» **What is needed**
Could you copy every record exactly, leaving the pictures behind?

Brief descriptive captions
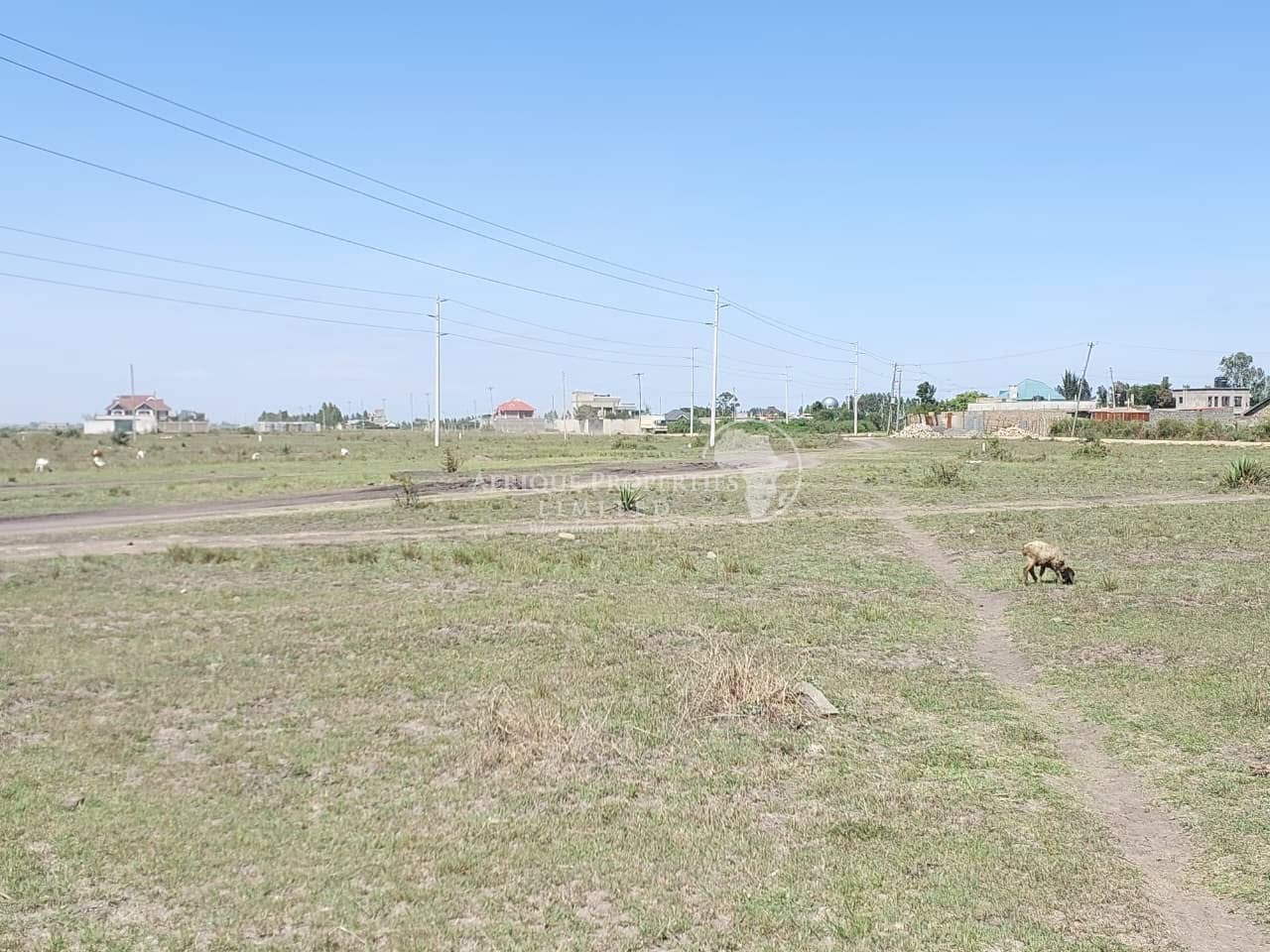 𝐏𝐫𝐢𝐦𝐞 𝐑𝐞𝐬𝐢𝐝𝐞𝐧𝐭𝐢𝐚𝐥 𝐏𝐥𝐨𝐭 𝐅𝐨𝐫 𝐒𝐚𝐥𝐞 in juja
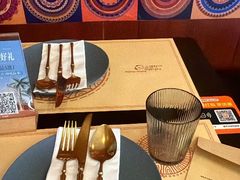 -克比叔叔印度餐厅Kebabs on the Grille(永康路分店)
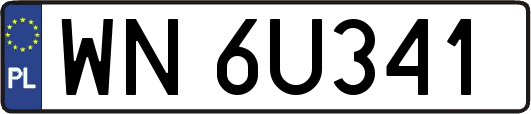 WN6U341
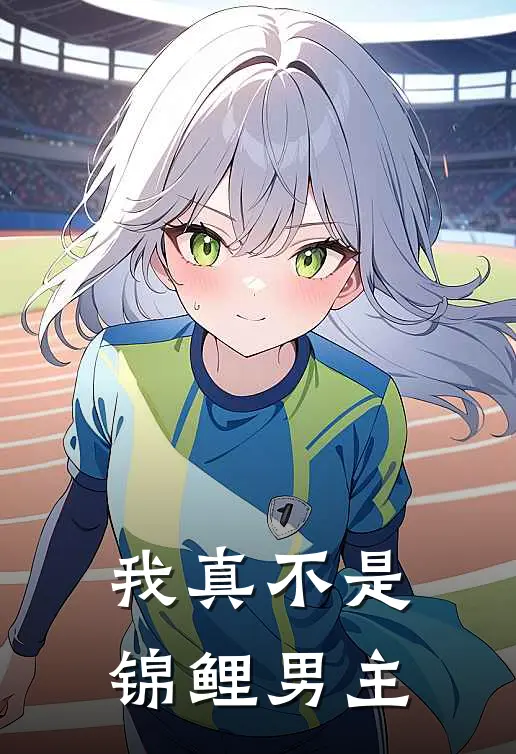 我真不是锦鲤男主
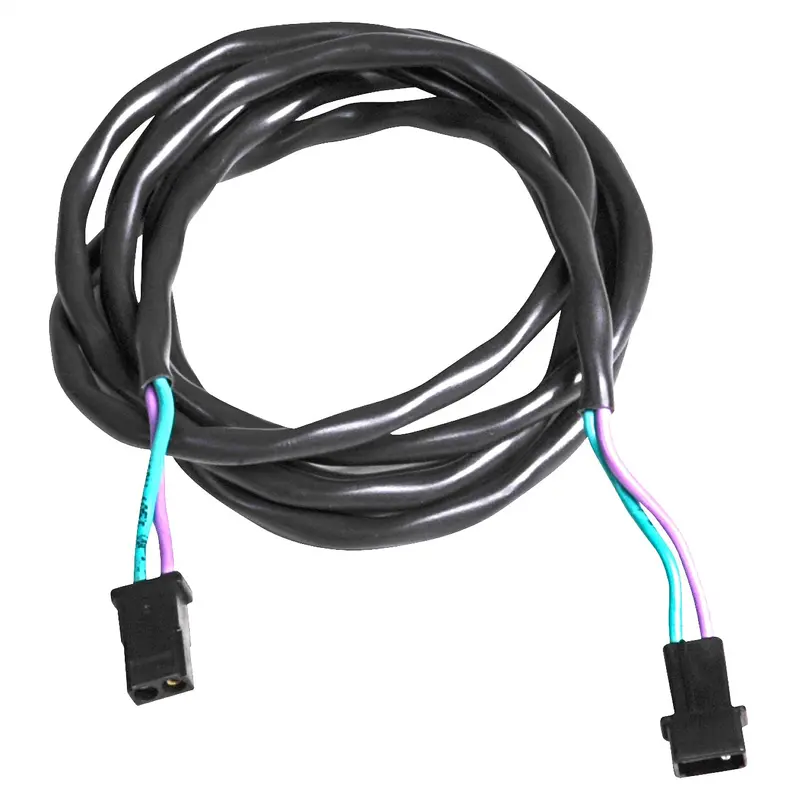 Msd 8860 Magnetic Trigger Cable Assembly – 6-Foot 2-Wire Harness For Distributorless Ignition Systems 1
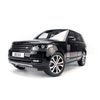 Mô hình xe Land Rover Range Rover Autobiography SV Black 1:18 LCD (8)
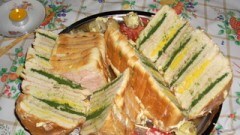 Tartine veloci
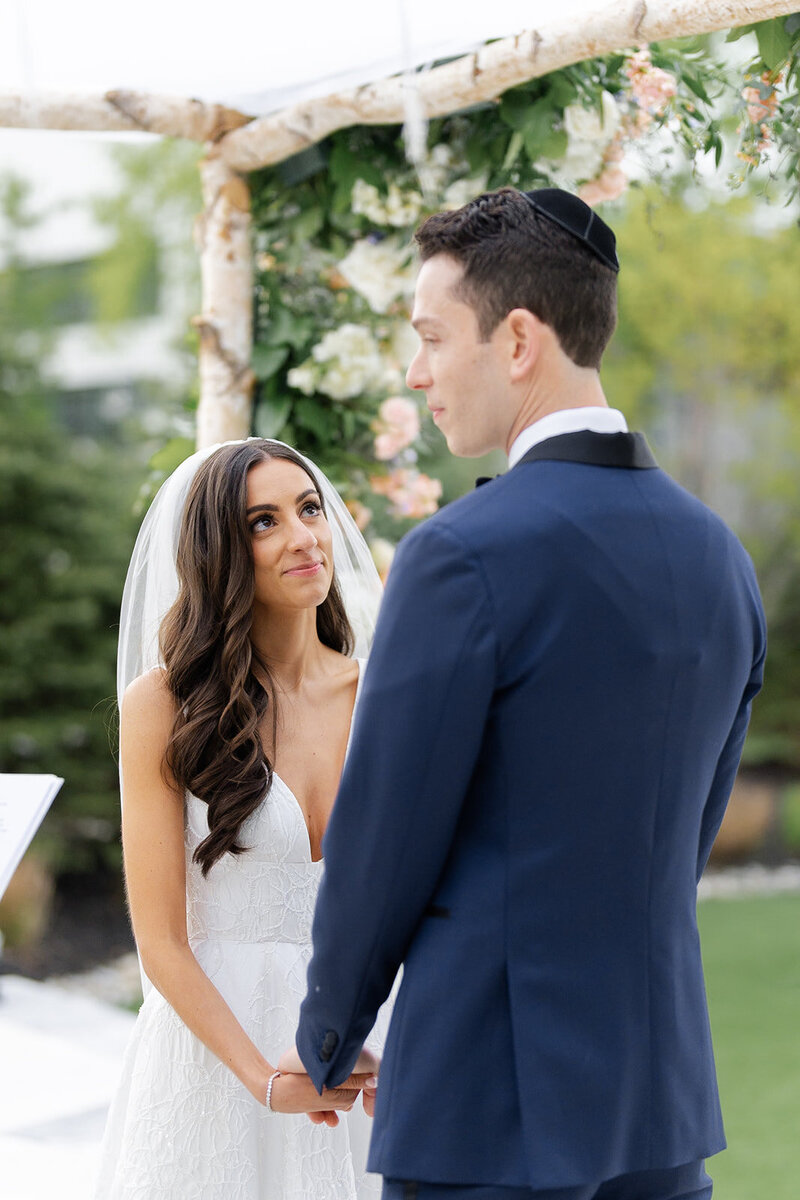 Laynie and Cody — photograph 1 by Alex Knight Studio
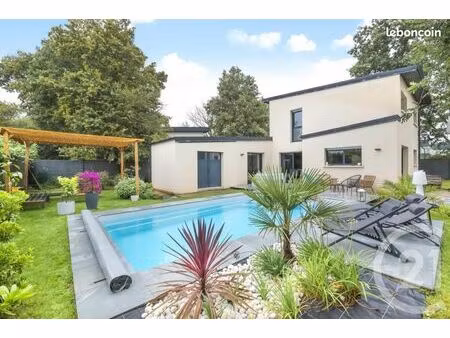 maison 5 pièces 120 m²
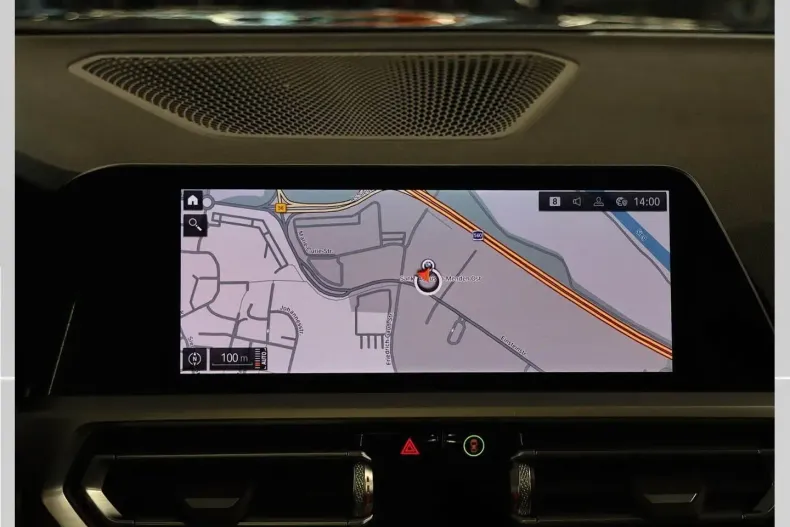 BMW M440 (Modele M) din 2022 cu 71.389 km - oferta BMW180295 - foto 10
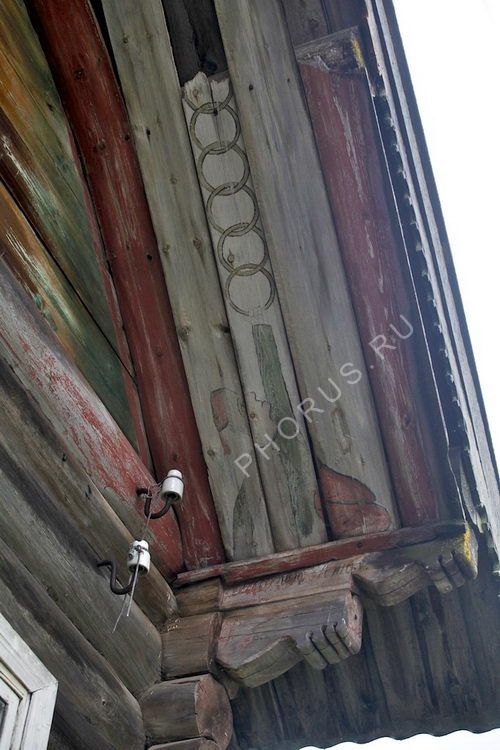Арх Ем д Сельцо Михайло Анцы XIX век 2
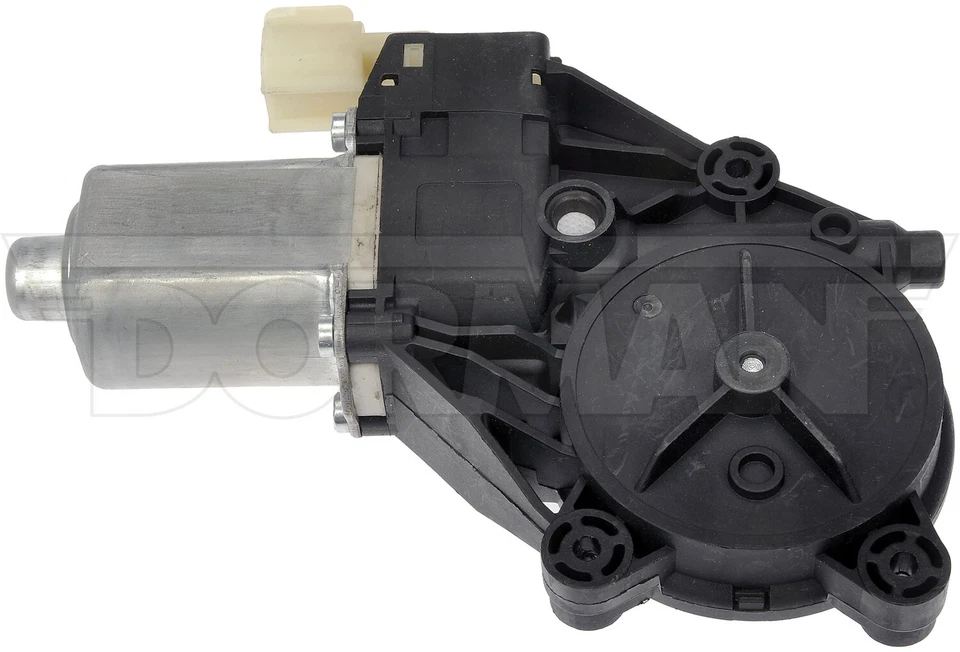 Motor de ventana eléctrica Dorman para Ford Transit Connect 2014-2020 2015 2016 2017 2018 Foto 3 de 4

» **Result**
 𝐏𝐫𝐢𝐦𝐞 𝐑𝐞𝐬𝐢𝐝𝐞𝐧𝐭𝐢𝐚𝐥 𝐏𝐥𝐨𝐭 𝐅𝐨𝐫 𝐒𝐚𝐥𝐞 in juja
 -克比叔叔印度餐厅Kebabs on the Grille(永康路分店)
 WN6U341
 我真不是锦鲤男主
 Msd 8860 Magnetic Trigger Cable Assembly – 6-Foot 2-Wire Harness For Distributorless Ignition Systems 1
 Mô hình xe Land Rover Range Rover Autobiography SV Black 1:18 LCD (8)
 Tartine veloci
 Laynie and Cody — photograph 1 by Alex Knight Studio
 maison 5 pièces 120 m²
 BMW M440 (Modele M) din 2022 cu 71.389 km - oferta BMW180295 - foto 10
Арх Ем д Сельцо Михайло Анцы XIX век 2
 Motor de ventana eléctrica Dorman para Ford Transit Connect 2014-2020 2015 2016 2017 2018 Foto 3 de 4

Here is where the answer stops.